Его заметку прочли по Всесоюзному радио. Сельского мальчика пригласили в Москву на первый слет детских корреспондентов.
Юноша с отличием закончил московский педагогический техникум. Поступил в юридический институт, и здесь, на 2-м курсе, его арестовали. По доносу поэта, песни которого десятки лет распевала вся страна.
Из разговора с Моисеенко десятилетней давности:
— Прямо во время занятий вошел маленький человек с одутловатым лицом в кожаной куртке: «Идемте со мной». На Лубянке следователь Лазарь Исаакович Шустерман задавал вопросы и сам же писал ответы: клеветал на СССР, член контрреволюционной организации. Меня били по ушам и в затылок, было страшно. Шустерман вышел, остался Соколов, видно, недавно демобилизованный — он был в шинели. У Шустермана на столе четыре телефона, у Соколова — ни одного. И Соколов мне шепчет: «Терпи, ничего не подписывай». Я и не подписывал. И получил пять лет.
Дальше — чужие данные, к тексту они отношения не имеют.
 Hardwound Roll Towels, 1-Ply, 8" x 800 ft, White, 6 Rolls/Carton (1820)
Лубянка. Бутырка. Владивостокский пересыльный лагерь. Отсюда, после сортировки, слабых и беспомощных отправляли в Мариинские лагеря, остальных — морем на Колыму. Около 14 тысяч заключенных ожидали участи: зона уголовников, женская зона, «китайская» (три тысячи рабочих и служащих КВЖД) и, наконец, — «контрики».
Здесь, в лагере, он оказался на нарах рядом с Осипом Мандельштамом. Такую странную фамилию — Мандельштам — услышал впервые.
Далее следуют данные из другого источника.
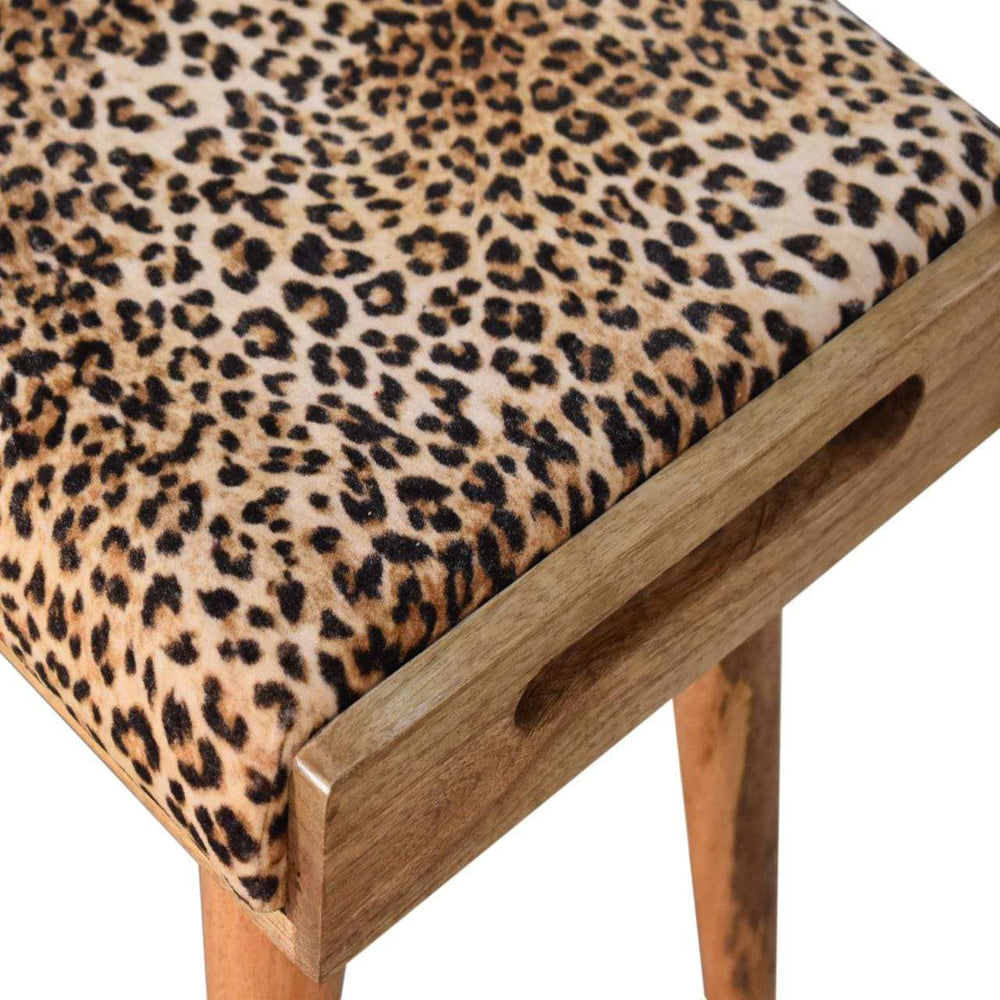 Artisan Leopard Velvet Tray Style Footstool - Artisan Furniture - Flyclothing LLC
Пересылка — место не самое жестокое, но гнилое, нужды в своей рабочей силе нет — сохранять некого и незачем.
— Не было воды, нас морили. Водяной мор хуже голода. Хуже рабства, в рабстве можно хоть что-то заработать.
Два раза в год — перед Первомаем и Октябрьскими праздниками — разрешалось написать домой.
— «День письма» — это был день терзаний. Вспомнил, как с Покрова трава покрывается инеем. В ночном уже не пасут лошадей. После этих писем только на второй день в себя приходили, как после безумия. …А мне перед отцом стыдно было, он так мной гордился — сын в Москве. А теперь я из лагеря у него что-нибудь покушать прошу.
Самым милостивым временем были вечера. Косо били яркие прожектора, лагерь озарялся, но все равно и при таком свете голову поднимешь — видно темное небо и звезды.
— Смотришь на небо — мир так велик… И как будто ты не заключенный. День прожит — жив, и еще есть надежда на завтра.
Как упоительны в России вечера. Если бы завтрашний день начинался не с утра, а прямо с вечера.
Но наступало утро.
Каждый день кого-то выносили — либо в маленькую больничку, либо в морг, что одно и то же, потому что никто не возвращался. Свирепствовал тиф. Ни уколов, ни лекарств. Переносили в морг и тех, кто еще дышал.
Морг находился в зоне уголовников. Туда накануне нового 1939 года уносил мертвого Мандельштама ленинградец Дмитрий Маторин. У поэта было четыре золотых зуба и его ждали два веселых уркача с клещами в руках.
— У уголовников во Владивостоке своя скупка была — магазин. Лагерная администрация все, конечно, знала.
Моисеенко дважды уносили в лагерную больницу, и оба раза он сумел вернуться.
Потом его должны были расстрелять. После владивостокской долгой пересылки он попал в Мариинские лагеря, оттуда — в Смоленскую тюрьму. Началась война, немцы стремительно наступали, заключенных не успевали эвакуировать — их просто расстреливали. Но Моисеенко неожиданно получил второй срок — 10 лет — за антисоветскую агитацию. Новый срок спас, его этапировали.
Дважды писал Моисеенко письма Сталину с просьбой отправить его на фронт.
А все же для победы кое-что сделал. Еще в первый срок он строил под Новосибирском военный авиазавод. А потом всю войну работал на заводе минометного вооружения в Томске. Работал и день, и ночь, приближал победу. Его продукция обходилась Родине бесплатно.
Отсюда, из Томска, он и вышел на свободу в 1947 году. Его провожал армянин-дашнак, который не выходил из лагерей больше двадцати лет.
— Он разумный был, французский знал, немецкий. И он сказал: куда напишут — туда не езжай. Поезжай в любое другое место. С тобой расправятся. И не проси руководящую и интеллигентную работу. Иди рабочим. Если и возьмут, то за нарушение паспортного режима. Через три года выйдешь как «бытовик» и свою 58-ю замажешь.